Cloud Cost Tagging Strategy: Make Every Dollar Traceable
The $400K Question Nobody Could Answer
Last year, a VP asked a simple question at my previous company: "Which product team is responsible for the $400K/month AWS bill?" Nobody could answer it. Not engineering leadership, not the platform team, not finance. The bill was one giant blob.
That's what happens without a tagging strategy. You can't optimize what you can't attribute. You can't hold teams accountable for costs they can't see. And you definitely can't forecast when your cost data is a black box.

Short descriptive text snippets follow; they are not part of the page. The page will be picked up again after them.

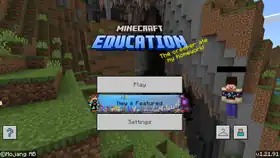 Minecraft Education 1.21.91.png: Infobox image for v1.21.91 the version in Minecraft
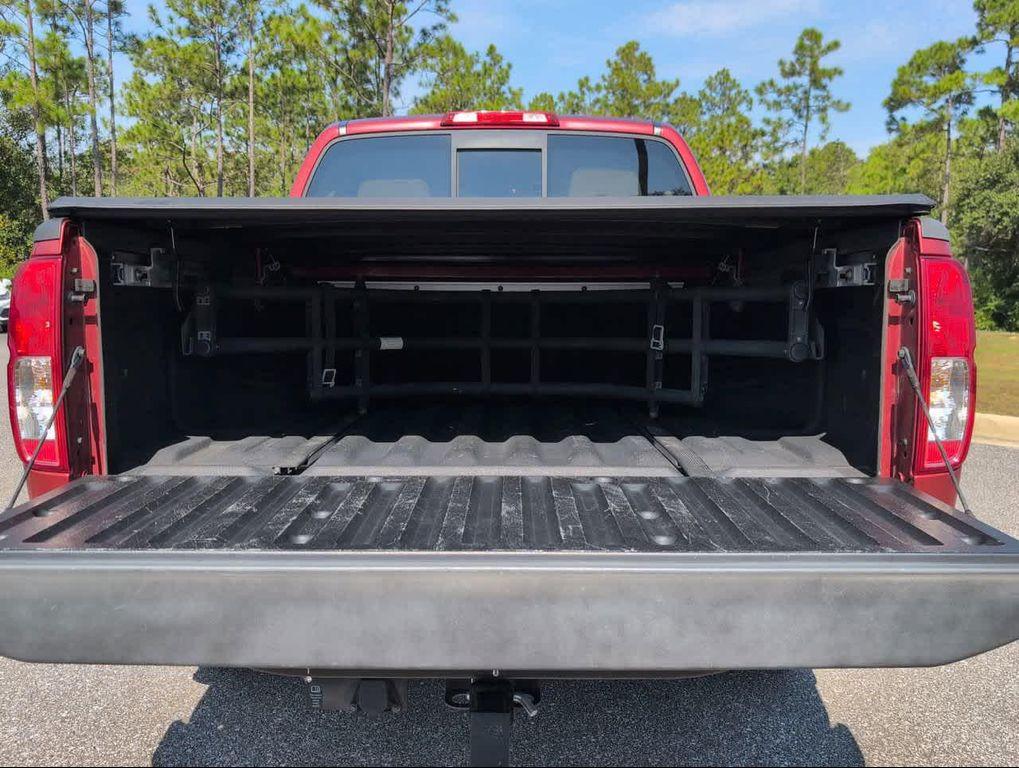 used 2015 Nissan Frontier car, priced at $10,988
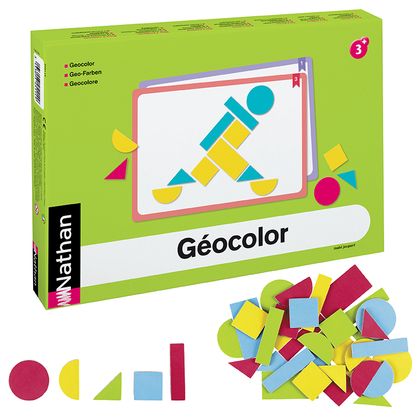 Gocolor pour 6 enfants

Here's the breakdown of untagged resources I typically see at companies without enforcement:
| Company Stage | Untagged Resources | Monthly Unattributable Spend |
|---|---|---|
| Startup (< $50K/mo) | 40-60% | $20K-$30K |
| Growth ($50K-$200K/mo) | 50-70% | $25K-$140K |
| Enterprise ($200K+/mo) | 30-50% | $60K-$100K+ |
If you can't attribute it, you can't reduce it. Let's fix that.
The Minimum Viable Tag Set
I've seen companies with 30+ required tags. Nobody fills them in. Nobody enforces them. They're garbage data. Start with the minimum that gives you real cost visibility.
Required Tags (enforce these)
| Tag Key | Example Values | Purpose |
|---|---|---|
team | platform, payments, search | Cost allocation by team |
service | api-gateway, user-service | Cost allocation by service |
environment | production, staging, dev | Separate prod from non-prod costs |
cost-center | CC-1001, CC-2045 | Maps to finance cost centers |
managed-by | terraform, manual, cdk | Track IaC coverage |
Recommended Tags (encourage but don't block on)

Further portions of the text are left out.